It can be very exciting for a business owner to finally find office space that will work for his or her business. Do not let this excitement prevent you from taking the time upfront to make sure the office space and the lease agreement associated with the office space will be right for you. Negotiating the best office lease to meet the needs of your business can save you a great deal of money and headaches down the road.
What Should I Be Mindful of When Negotiating My Office Lease?
The opportunity to negotiate the lease for your office space can give your business flexibility and peace of mind that may very well prove invaluable. Make sure you take care to address some of the following in your lease:
- Permitted use of the premises: Is this office space going to allow you to conduct the business you want both now and in the future? When negotiating your lease, attempting to secure a broad permitted use clause will best protect your ability to expand and change your business as you see fit.
- Extension option: This lease provision can protect your ability to extend your lease while limiting the amount your rent may increase.
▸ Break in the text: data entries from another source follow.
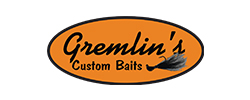 Under the Lock Fish Sponsor | Gremlin’s Custom Baits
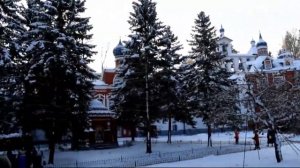 Свято-Успенский монастырь. 05.11.2016 г.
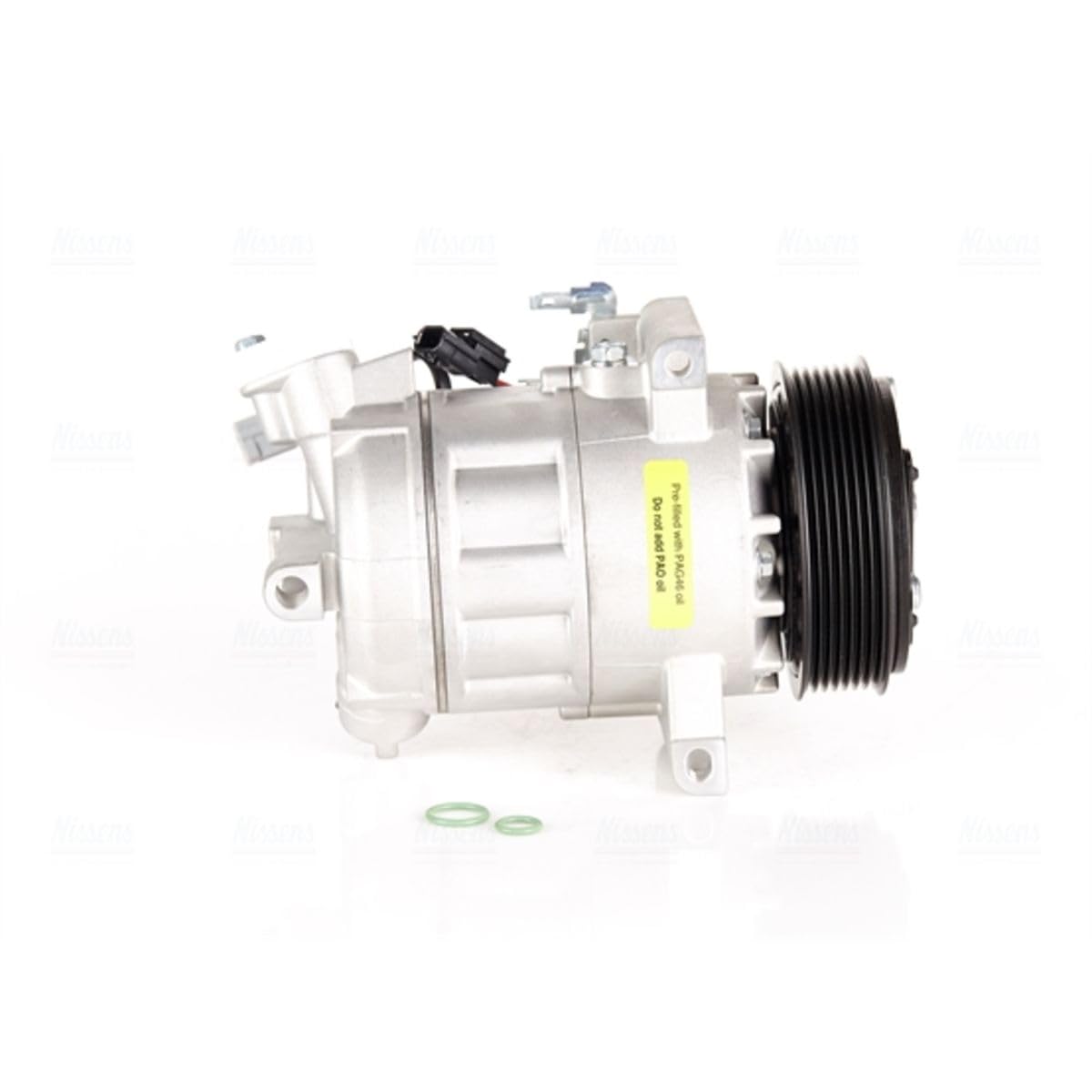 Nissens 890653 - Kompressor, Klimaanlage Nissens 890653 - Kompressor, Klimaanlage von Nissens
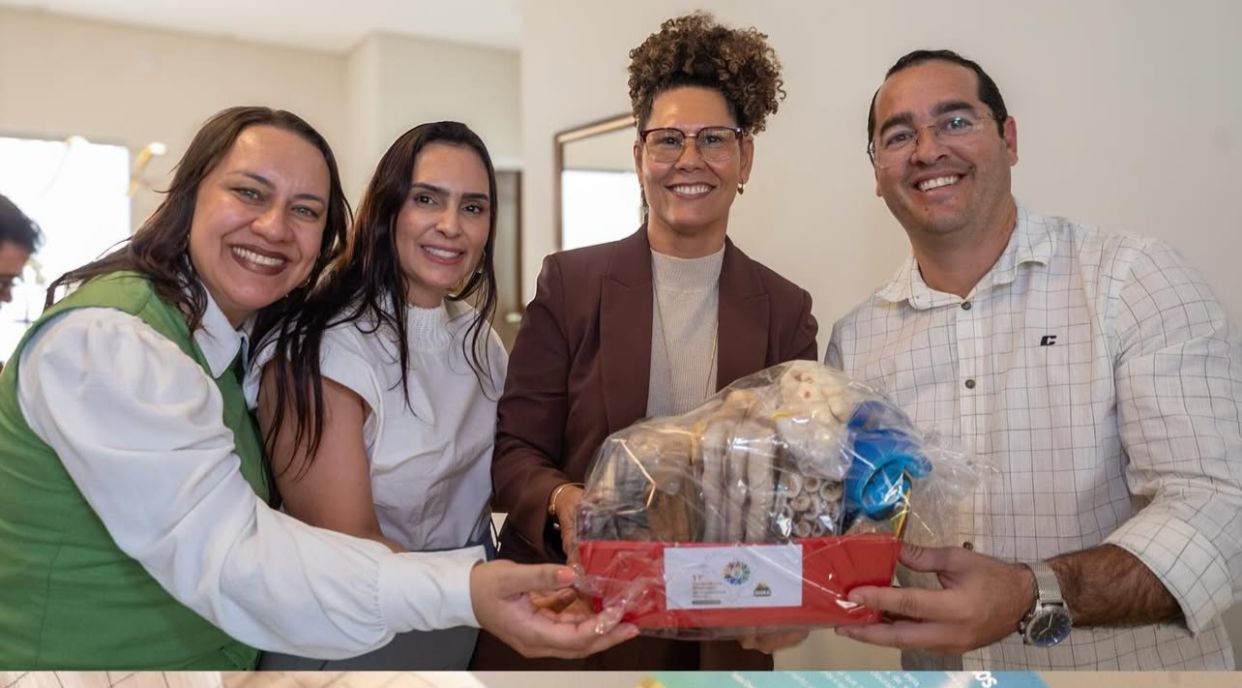 CONFERÊNCIA DO SUAS, PRESENÇA DA SECRETÁRIA DE ESTADO E ORDEM DE SERVIÇO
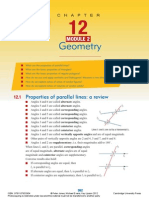 Chapter 12 - Geometry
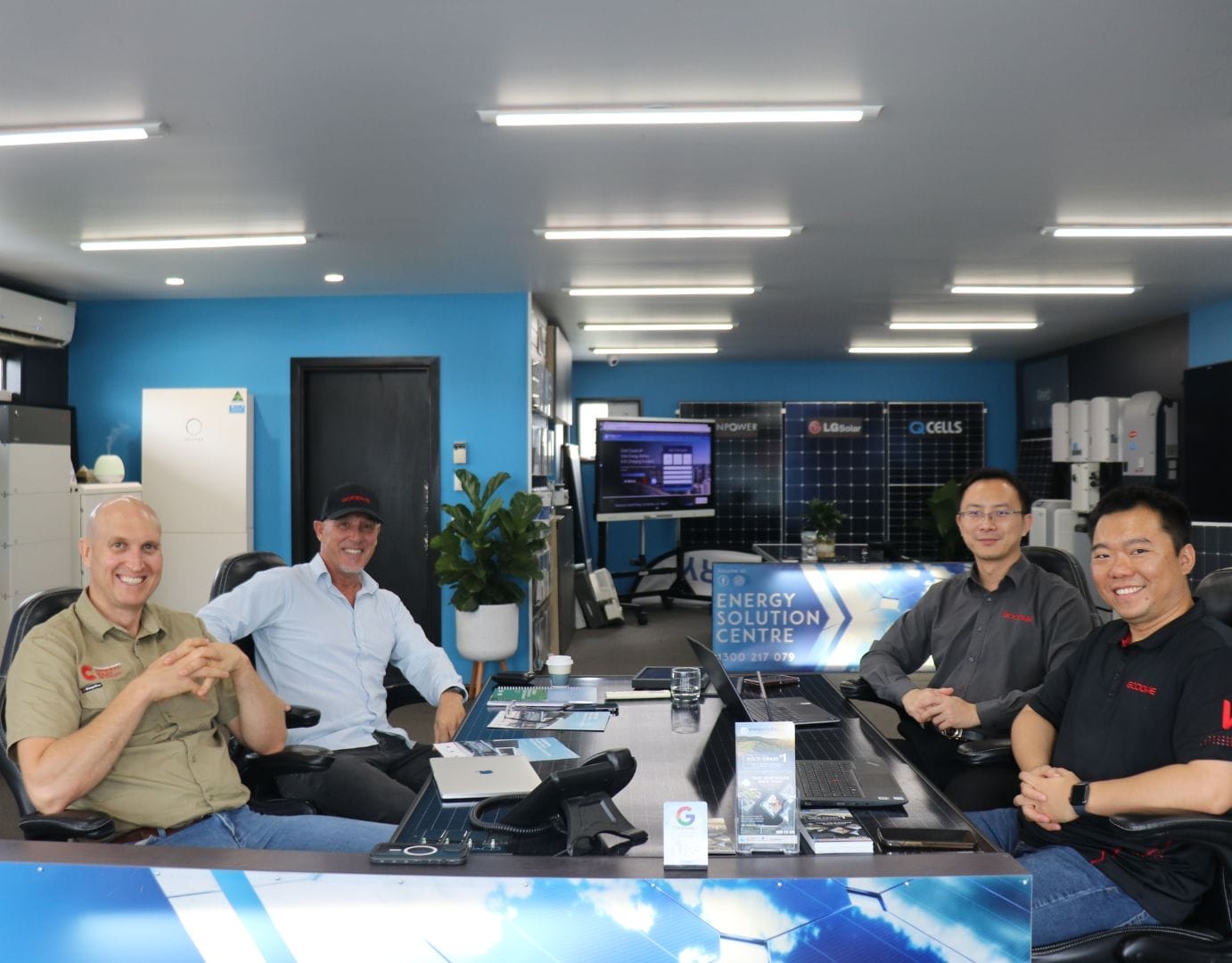 bidirectional ev charging installer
Take into consideration how many options to extend your lease you may have. Consider a provision limiting the amount you rent may increase upon extension. Additionally, the extension option provision of the lease can require your landlord to remind you about the option to extend should you fail to provide notice by a certain date.
- Termination option: Sometimes a business does not work out or operating a business in a certain space does not work out. Any number of factors can account for this, but you want to make sure your lease has a termination option that will not unduly punish you should you need to end your lease prior to its end date. It is unlikely that you will avoid paying any fees for an untimely lease termination, but you can use the termination option provision to minimize your liabilities as much as possible.
- Right of first refusal: This option is a popular addition to office leases. It gives you, the tenant, the right to lease additional space in the event an outside party expresses interest in leasing that space. For example, if there is surrounding space that you ever might want to expand into and someone else expresses interest in that space, the landlord would give you the first opportunity to match any offer made to lease the specified space. The right of first refusal provision should specify which space(s) the right pertains to. It should also specify whether the right is a one-time option or whether it will continue throughout the length of the lease.